What is West Dean College all about?

Yes, West Dean College is a different type of college and so small that not many people have heard of it.  Like many things in England it has a history and I was surprised to learn that some of it has an American connection.

The College was founded by Edward James (1907-1984).  He created the Edward James Foundation in 1964 and the family estate home was opened as the College in 1971.  So, I guess you could say that by local standards the College is quite young.  The history part relates to his family history–without the benefit of his inherited wealth the college would not be here today.  Edward’s father was William James, a wealthy landowner of American decent.  His mother, William’s wife, was the daughter of Sir Charles Forbes, a Scottish aristocrat.  Unfortunately, William died when Edward was only four and though he inherited his father’s estate, it was held in trust until he reached the age of 25.  At that time, the estate was 12,000 acres of land.  It has now been reduced to only 6,000!  The estate has many houses and pastures as well as woods–in fact, as I found out on a recent small tour, the woods are managed to produce all the firewood necessary to run the heating boiler that keeps all the college buildings, the church, and a number of local homes warm throughout the year.

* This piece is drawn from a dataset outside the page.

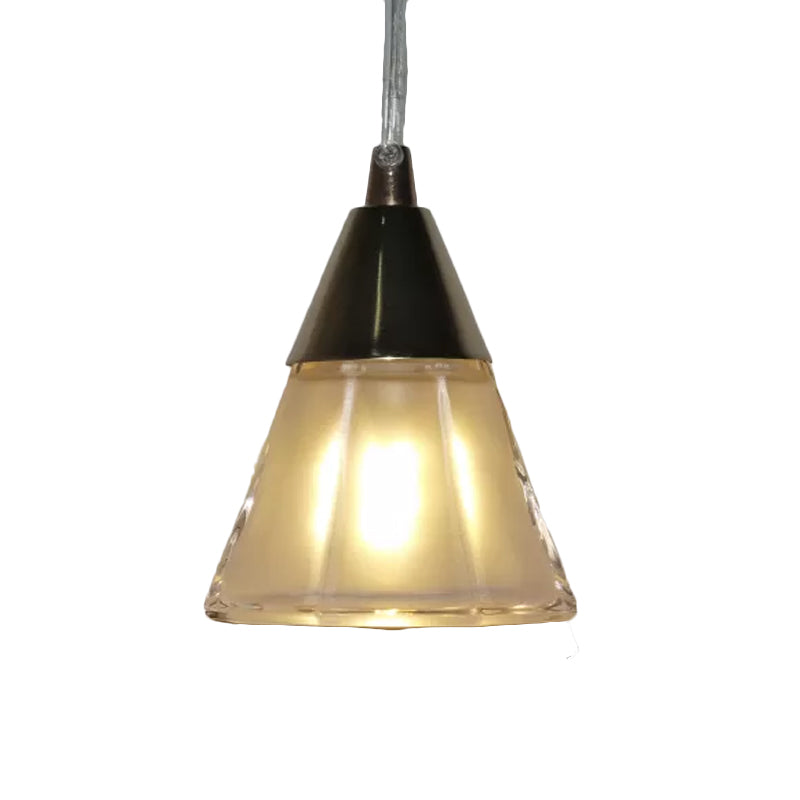 Modern Gold Cone Glass Pendant Lighting for Bedroom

I took this one morning on my way to class - Wow!

I took this one morning on my way to class – Wow!

Edward used his wealth to support the arts and many young artists such as Salvador Dalí, Rene Magritte, and Pavel Tchelitchew, buying their work, which was then, unfashionable. He also wanted to create a community where the estate supports a college dedicated to the arts and crafts.

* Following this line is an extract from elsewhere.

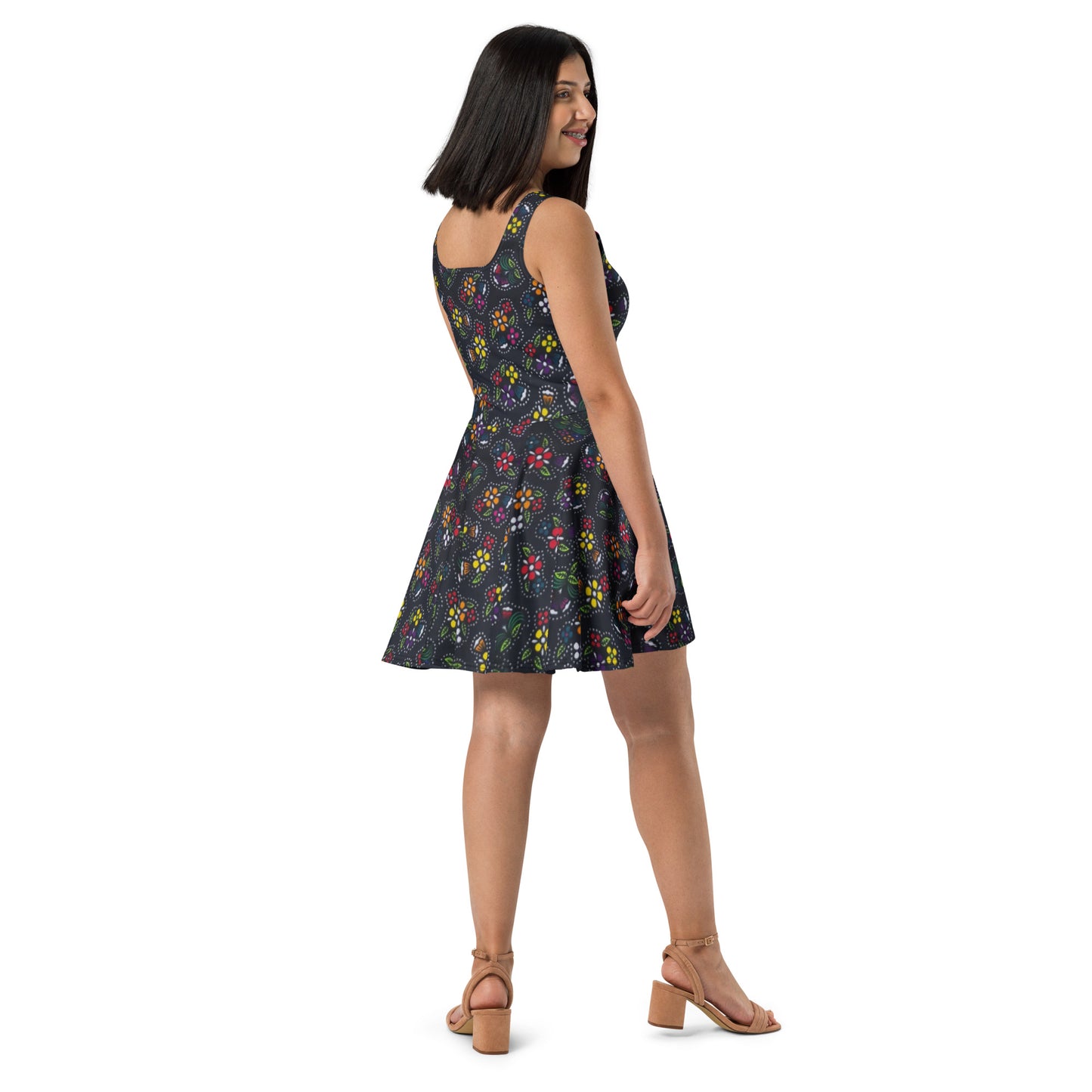 Multicolour Dark Ankara Skater Dress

Looking out from the front door.

Looking out from the front door.

The estate house is a wonderful building, expanded to its present structure by Edwards father in 1892.  It is made of knapped, local flint stone.  The inside is full of art of all kinds–it looks like a mini-museum with gilded wood panels and columns, big stone fireplaces, tapestries, statues, and a marble staircase.  And the outside is just as stunning in many ways – the open fields bordered by woods with the ubiquitous sheep and pheasants.

If you want to get a better feel for it – watch this short movie.


Here's the clock end of the building where the clock workshop is.

Here’s the clock end of the building where the clock workshop is.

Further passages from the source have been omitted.